Being an Emotionally Sensitive Person
Being emotionally sensitive is like going through life with open wounds. Something that might go unfelt by someone who isn’t emotionally sensitive could be felt deeply by someone who is very sensitive to emotions. For me, being emotionally sensitive means that I experience a vast spectrum of emotions and often feel each one very intensely.
When I see something on TV that makes me smile, I’m more likely to feel a surge of joy than a small glimmer of enjoyment. If I’m anxious about a difficult conversation I need to have, then I am often wracked with trepidation, rather than mildly worried. I view being emotionally sensitive as a core part of my identity and without it, I wouldn’t be who I am. My emotional sensitivity is what drives me to connect with people and motivates me to read, write, make art and learn about the world. Without my emotional sensitivity, I don’t think I would be as empathetic as I am, as driven to help others or have the same interests or even career.
Being an Emotionally Sensitive Child
Whilst I love my emotional sensitivity because it’s the keystone of my personality, it has been extremely challenging for me. This is because when I was a child I didn’t learn how to cope with feeling strong emotions. I remember being age four and standing in a paddling pool with a stubbed toe and crying inconsolably. Even at that young age, I was aware that I was crying a lot more than other children. I understood that the adults around me didn’t always know how to calm such an emotional child and I viewed myself as someone difficult and dramatic.
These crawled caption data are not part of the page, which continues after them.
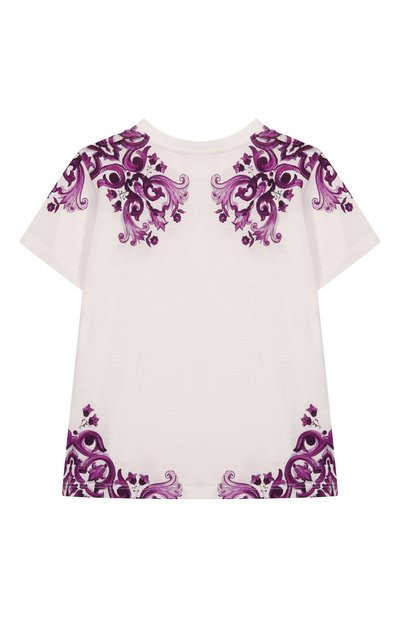 Хлопковая футболка DOLCE & GABBANA, арт. L2JTKT/II7H3, фото 2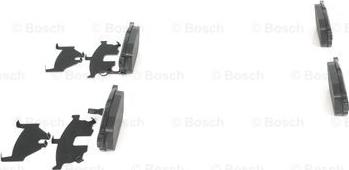 BOSCH 0 986 494 931 - Kit pastiglie freno, Freno a disco autozon.pro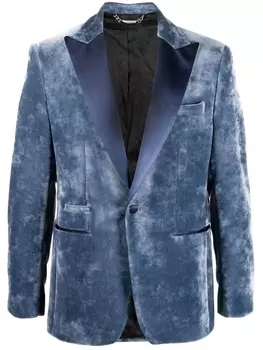 Philipp Plein однобортный пиджак Lord Fit, синий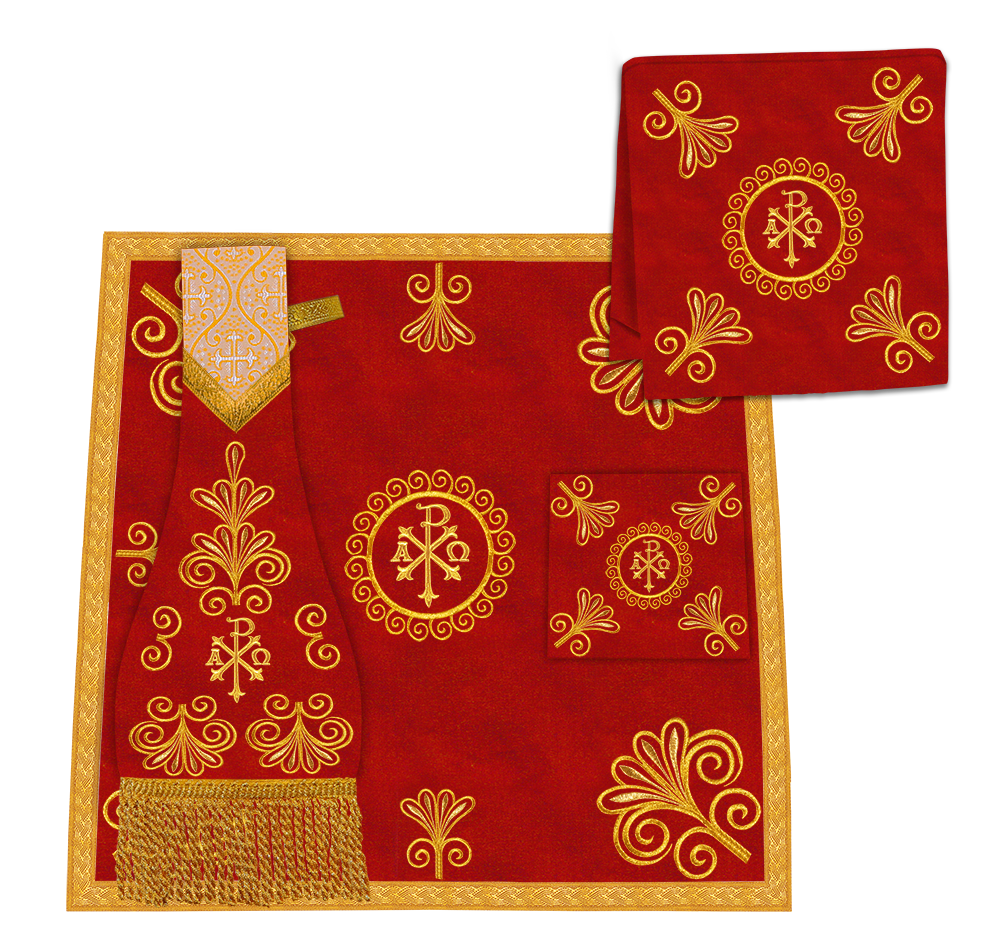 Altar Cloth with Liturgical Motif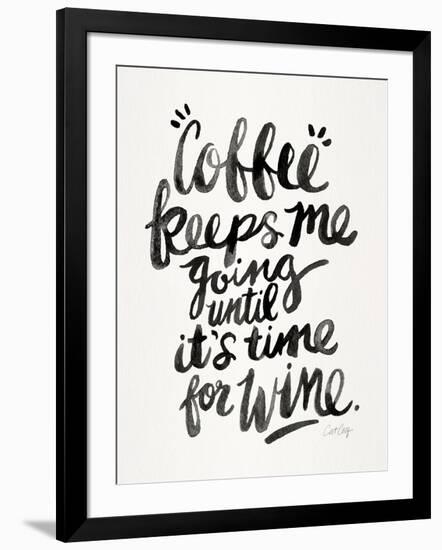 Black Coffee Wine-Cat Coquillette-Framed Giclee Print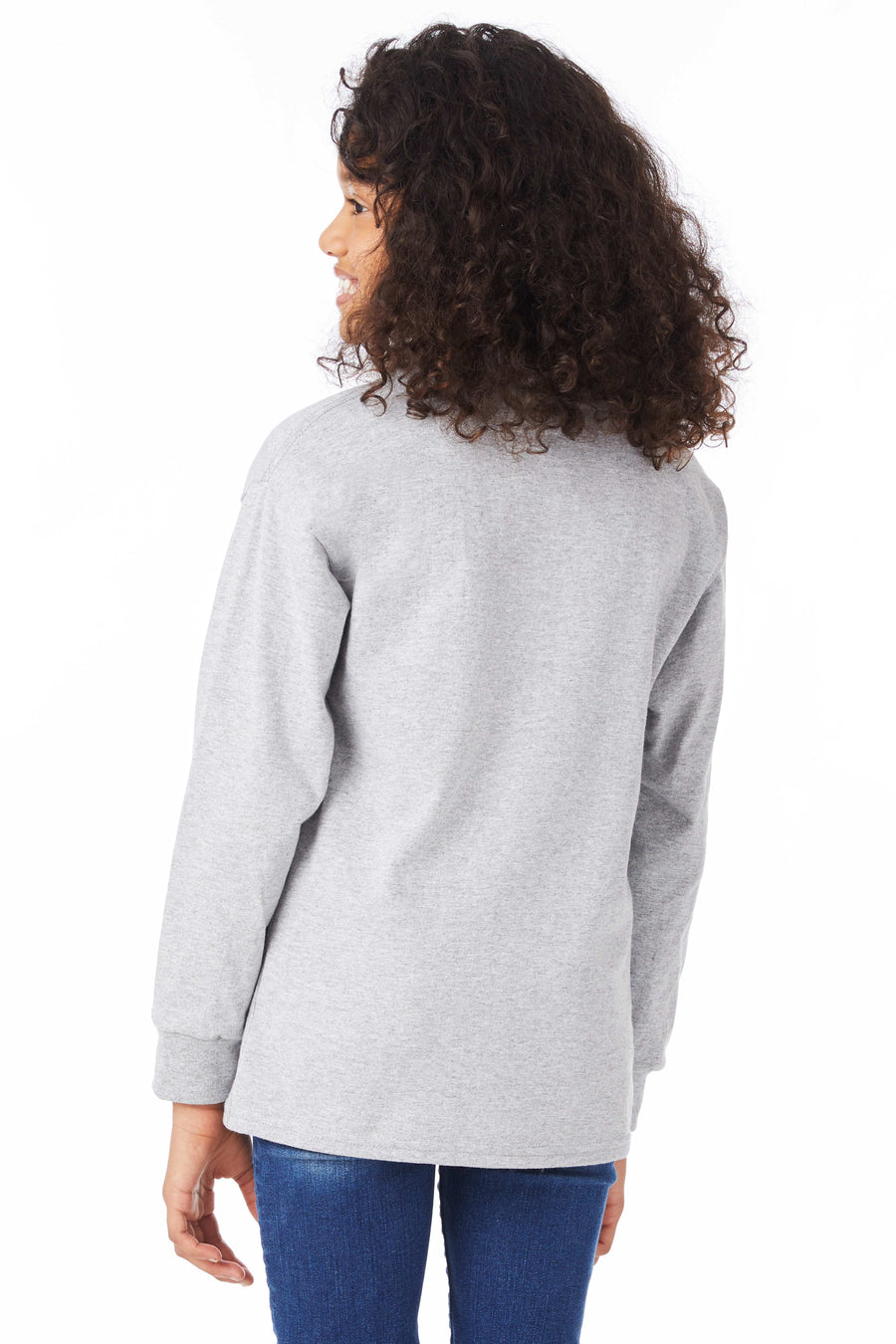 Youth Authentic Long Sleeve Tee - Light Steel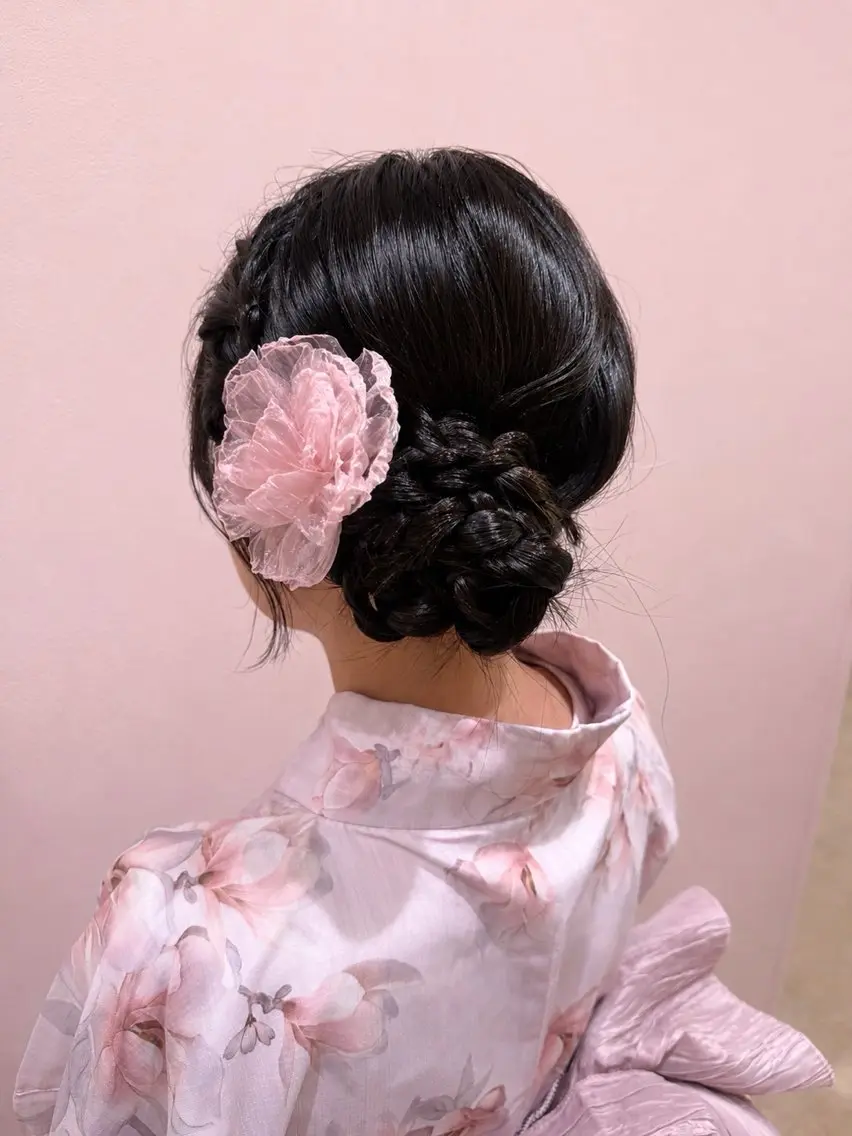 ロング ヘアアレンジ 着付け オタク美容師☃️🩵 ヘアアレンジ/らんのヘアスタイル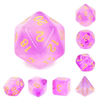 Picture of Purple Milky Dice Set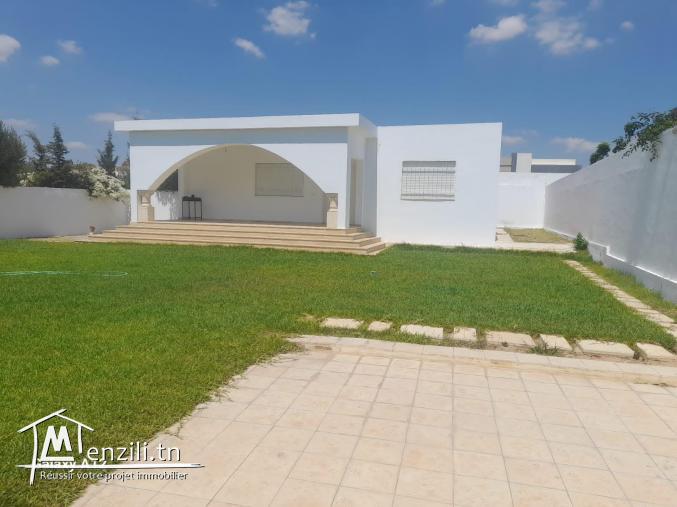 Villa à vendre à Hammamet (El Monchar) à 9 min de Carthage Land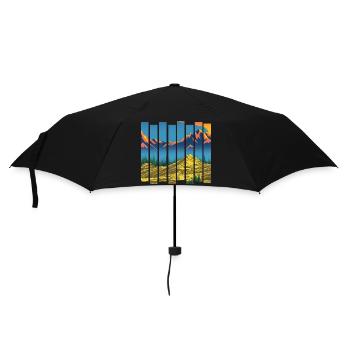 Mountains Hike Mountain Hiking Mountain Hikers Hiking - Umbrella (small) - black - Front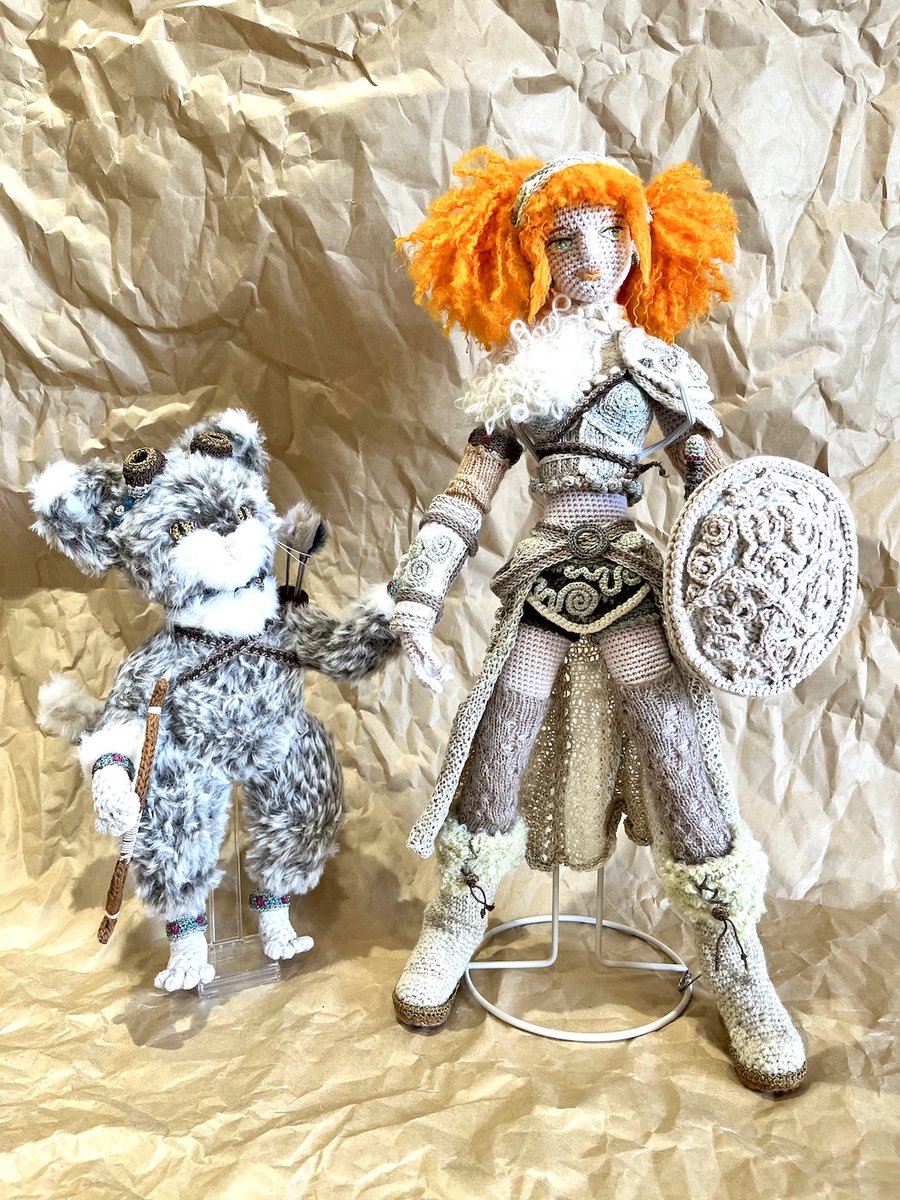 クラフトアート創作人形展 佐野純子 @JUNNA_dolls 東京展出展作品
I grew up to believe that my emotions were out of proportion to the situation, to fear my emotions and, ultimately, to conceal my feelings as much as I possibly could. Because it’s extremely hard to push down emotions that are as strong and intense as mine, I began to self-harm to release the pain of holding them in. As a young adult, I entered abusive relationships and stayed in them for far too long. I felt that nobody could cope with me because I was too emotional and that nobody could love an emotional storm like me. Later in my 20s, to my surprise, I discovered that I was lovable precisely because of my emotional sensitivity and that it was not something I needed to change.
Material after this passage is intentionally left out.